The case 2 uses the same channel geometry from case 1, but higher mass flow (2g/s). The result
was an almost completely evaporated output (1,74 kW). 9.9 bar output.
The case 3 used the same geometry from case 2, but increased mass flow to 5g/s. It resulted in
less evaporation than case 2 (approximately 42%), but had a high heat output absorbed by the
working fluid (2.61 kW). It would be an interesting condition to work in series downstream of
one next evaporator. For example post after treatment system.
The case 4 can be good compared with 2, since the mass flow is also 2g/s and just the channel
diameter was changed to 3 mm (Channel geometry 2). It leaded to a slightly better heat exchange
(1,84 kW), but increased pressure drop (9,7 bar).
The case 5 increases mass flow to 5g/s keeping geometry 2. It improved heat exchange (2.67 kW
at output) but showed higher pressure drop (9.1 bar output).
The case 6 is better comparable with case 4 because it changes just wall thickness to chamber
assuming the channel geometry 3 and mass flow. It was noted a sensible improvement in heat
transfer (1,94 kW) and complete phase change with superheated outlet.

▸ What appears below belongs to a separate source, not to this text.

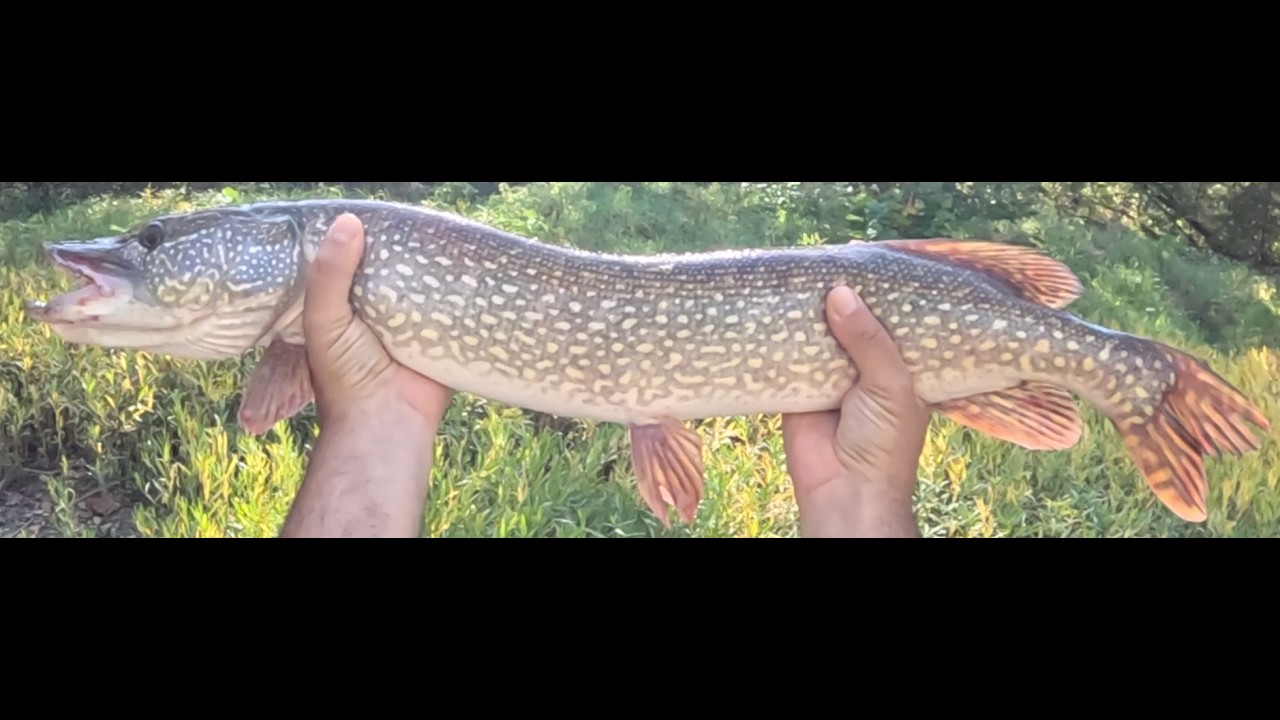 Nice multi-species day with a 33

This condition is indicated
for installation of expander in series upstream evaporator.
The case 7 kept channel geometry 3 and, in relation to case 6, the mass flow is increased to 3 g/s.
A sensible improvement of heat transfer was observed.
Heat transfer ability increases progressively on the seven simulated steps, showing the influence
of the channel geometry as well as the mass flow ratio.
Based on the data from case 7, the spring profile around the liners presents a 13,7 m long tube
with 3 mm diameter and total shell area of 0,13 m2. Considering the total heat transfer ability of
2892 W, the heat extraction is 22,2 kW/m2.
Smaller channels diameter improves heat transfer at low and medium mass flows due to turbulent
flow. Low wall thickness improves heat absorption of the working fluid, limitation by material
strength. Liner evaporator is suitable for generation of steam or mixed steam for subsequent
superheating in other evaporator in series. Considerable heat absorption into the working fluid.
Smaller channels diameter increases pressure loss, especially in the superheated area. Limitation
by the permissible wall temperature prevents overheating at higher pressures.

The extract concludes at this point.